If you make it, please let me and the Sugar Buzz Chicago readers know how is it. And oh yeah, save me a slice.
Coconut Tres Leche Cake
1 yellow cake, prepared ahead, according to package directions
1 15-ounce can cream of coconut (NOT coconut milk. I found cream of coconut in the Asian section of my supermarket, but it may be located in the alcoholic drink mix aisle)
1 12-ounce can evaporated milk
1 cup heavy whipping cream
1 teaspoon vanilla
1 cup of heavy whipping cream
2 tablespoons powdered sugar or more to taste
1 teaspoon vanilla
1 cup shredded coconut
- Prepare cake from cake mix in 9” x 13” pan according to package directions. Cool on wire rack and turn out onto large platter.

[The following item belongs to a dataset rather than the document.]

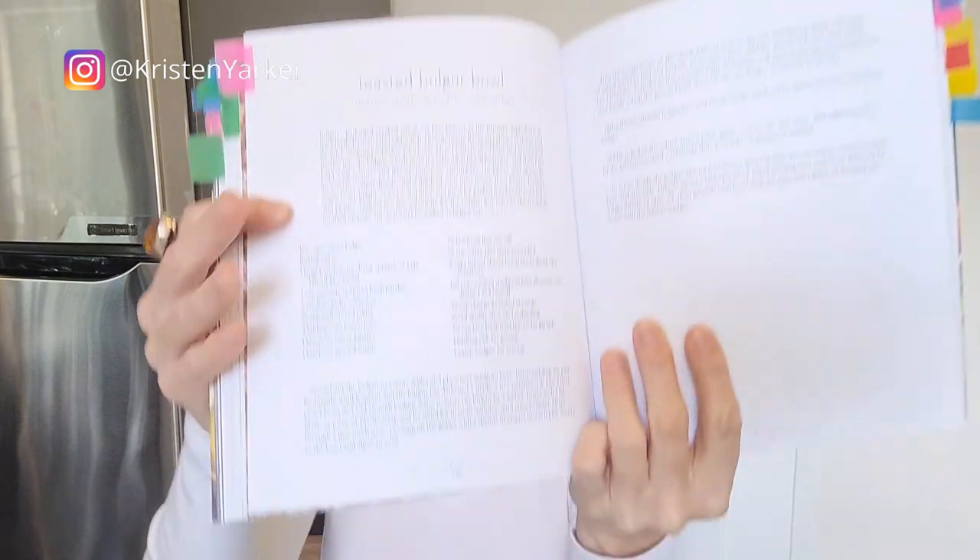Next recipe — rutabaga fried rice. I thought that was interesting; rutabaga is a vegetable that doesn't get a lot of love. It's an unsung hero and is often quite inexpensive, especially with food costs rising, particularly in winter. I loved this recipe for using a vegetable that many people don't know. And toasted bulgur bowl — again not a lot of photos — but this was quite a good one, using more of the Mediterranean flavor profile with chickpeas, cherry tomatoes, tahini, cucumbers, parsley, and swiss chard. Bulgur is a grain many people don't know or know what to do with, so it's great to get some variety.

- Place cream of coconut, evaporated milk, one cup of cream and the vanilla in blender or food processor. Process until smooth.

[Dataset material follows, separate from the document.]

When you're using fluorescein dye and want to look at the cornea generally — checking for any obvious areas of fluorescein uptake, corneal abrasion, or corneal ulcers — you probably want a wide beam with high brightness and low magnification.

- When cake has cooled at least one hour, poke holes with fork all over top of cake.
- With a large spoon or ladle, spoon some of the milk syrup over the cake. After it has absorbed, pour the rest of the syrup over the cake, trying to distribute evenly. (The holes help the cake absorb the liquid).

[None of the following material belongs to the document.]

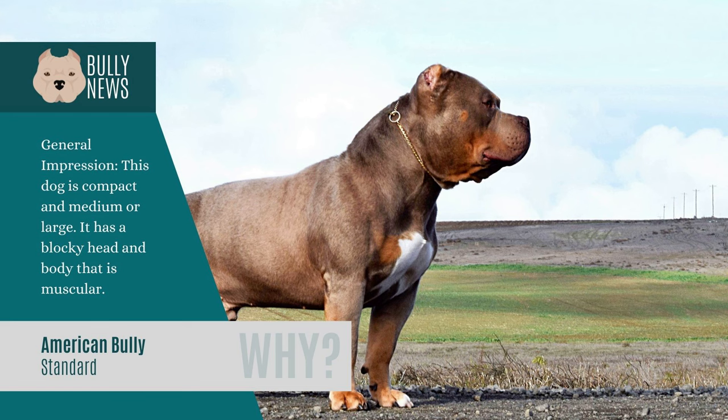The Standard Bully is compact and either medium or large sized. Its body is muscular with a blocky head. In comparison to its size, the Bully appears to have considerable strength. It also has a massive appearance and build, as well as significant bone structure. Females measure between 16 and 19 inches at the withers, while males measure between 17 and 20 inches. If in good health, it can live for between 10 and 12 years.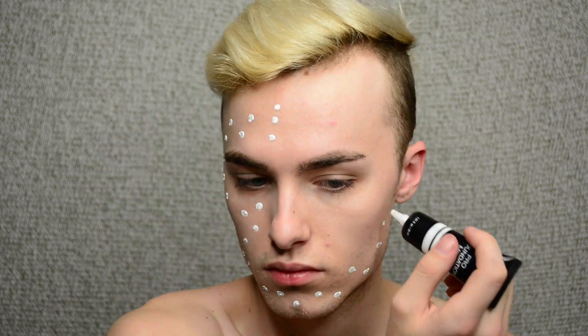What's up, guys? Are you excited for this clown look? Because I am super excited about it.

- Place plastic wrap loosely over the cake and store in the refrigerator two to 24 hours. If there is any liquid sitting on the platter after an hour, tip the platter slightly and spoon the liquid back onto the cake.
1. Place one cup of heavy cream into a large, chilled bowl and beat 2 minutes or until the cream starts to thicken. Add sugar and vanilla and beat until stiff peaks form.
- Spread coconut on baking sheet. Bake in a 350 oven for seven minutes or until coconut begins to turn golden brown.
Cut cake into slices and top with whipped cream and coconut. Serve with sliced bananas or berries if desired.